Pero hace más de 30 años, cuando La Red comenzaba a ver la luz en la cuadra 6 de la Avenida La Mar, Isolina cocinaba por necesidad. “Yo había dejado de trabajar y me había dedicado a hacer varias cosas, pero buscaba algo más estable. Así que Dios me lo puso en el camino el día que conseguí el local. Hablé, pregunté y me lo alquilaron tal como estaba, hasta con los cucharones colgados. No tenía más que venir con mi canasta y traer las cosas”, nos dice con alivio.

Así arrancó vendiendo menús a la gente de la zona, y luego de un par de años tuvieron que sacar las mesas a la calle porque la gente no entraba y hacían cola para probar sus potajes.

Isolina y José aseguran que un menú como el que ofrecían en esa época a S/5 aproximadamente, hoy no bajaría de S/20 con entrada, pan, postre, jugo/chicha morada. “Para mí cocinar en el local era como cocinarle a mis hijos. Yo no permitía meter gato por liebre; siempre apostamos por la calidad de los productos”, nos dice. Y ha sido tal la fidelidad de sus proveedores que hasta ahora después de 35 años, aún mantienen a la mayoría.

Segundo

Cuando las cosas se pusieron “candentes” y a ganar comensales y popularidad, José comenzó a tomarse en serio la idea de hacerse cargo del negocio. Pero esto no fue fácil por varias razones. Una tan básica como su tamaño. “Yo no le veía facha de cocinero. Es tan grande que chocaba con la campana”, dice divertida Isolina. Y además es el menor de sus hijos; así que era consentido. Encima había estudiado Administración en la Universidad del Pacífico y se había recibido con excelentes notas, así que Isolina lo imaginaba como ejecutivo de alguna gran empresa. Pero cuando José se decidió, no hubo marcha atrás; y la base de la carrera de Administración lo ayudó mucho para hacerse cargo de manera integral del negocio.

“Fue duro porque al inicio mi mamá no se ponía a explicarme. Yo tenía que seguir y aprender sobre la marcha. No podía dedicarse a enseñarme.”, cuenta José. Pero tal vez esta fue la prueba de fuego, porque en pocos meses José agarró la onda y ya por el año 2000 se mudaron al local donde está ahora La Red, a la entrada de la avenida La Mar.

Quizás el hecho de que las cosas siempre han sido un poco cuesta arriba, los hace valorar más el éxito cuando llega. La incertidumbre de cambiar de local, de arriesgar el patrimonio por algo mejor. El temor de José y el reto de hacer las cosas, igual o mejor que su madre.

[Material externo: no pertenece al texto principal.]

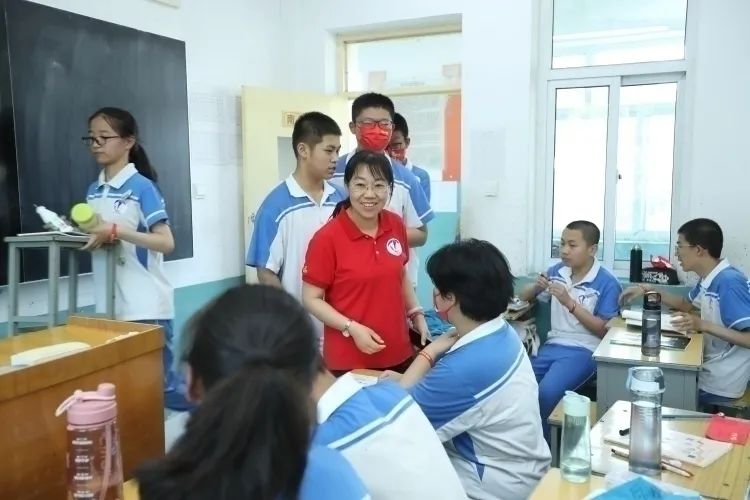 教师节特辑向最可爱的人们致敬,教师节致敬每一个闪闪发光的你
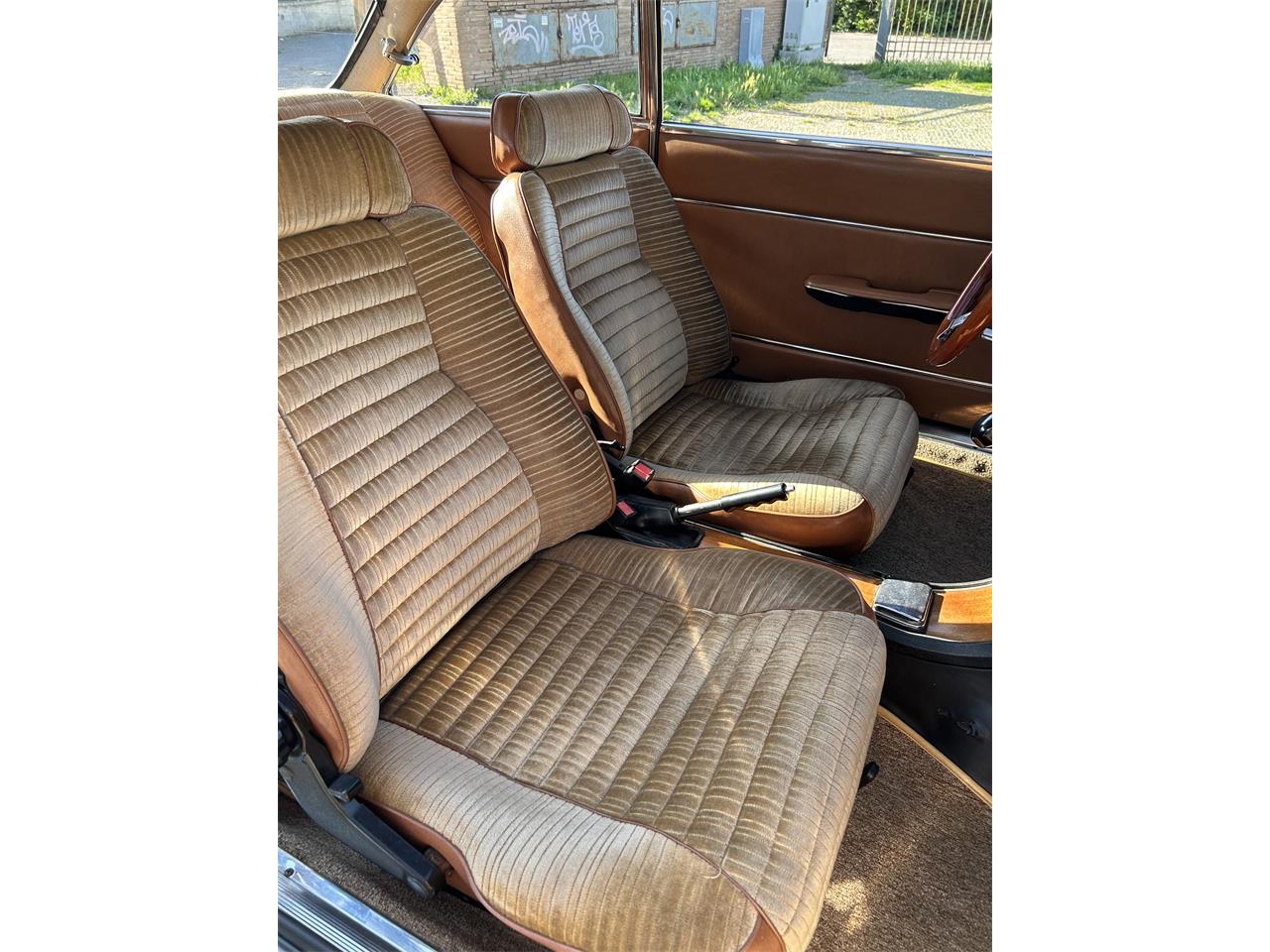 Alfa-romeo-Gta-1300-junior-1971-Burgundy-Alcantara-Beige-6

Pero como él dice: “Arriesgamos todo. La etapa del traspaso fue dura porque trabajamos juntos y chocábamos porque ambos somos de carácter fuerte”. Pero las apuestas han dado sus frutos y uno de sus pilares es siempre ser fieles a sus raíces y dar lo mejor al cliente.

Postre

Ahora Doña Isolina se relaja. Esa tarde llegó al restaurante para la entrevista y aprovechó para dejar algunos postres. Otras veces va con amigas a almorzar; en especial el cau cau con sangrecita; y los domingos cocina en casa cuando van los nietos. “Se cocina abundante, yo no sé cocinar una taza de arroz. Siempre queda comida y alguno se lleva para la casa. Mis hijos comían mucho. Antes se comía rico y abundante; y así es hasta ahora”, comenta Isolina.

Y así es la cocina de Isolina; real, anclada a tierra, y lejana a la “innovación”.

José piensa en su historia: “Todos los platos que tenemos acá son las recetas tal cual las hacía mi mamá y mis tías. Acá hacemos cocina limeña como me han enseñado. No hay influencia de ningún lado. Aquí nada es inventado. La historia existe, el personaje existe. Esto no es moda, esto no es vanguardia. Y es a lo que muchos cocineros están volviendo. No puede haber un cocinero peruano que quiera hacer vanguardia y no conozca esta cocina”, finaliza José.

Son cerca de las 12.30 del día y la gente comienza a llegar para el almuerzo. Y provoca quedarse ahí sentado, simplemente observando el ambiente, el lugar, la barra, los platos servidos en bandejas o en cazuelitas; pero sobre todo, escuchando a Isolina que mira a su hijo con admiración, con la certeza de haber hecho las cosas bien. ¡Tal vez ese sea su mayor logro!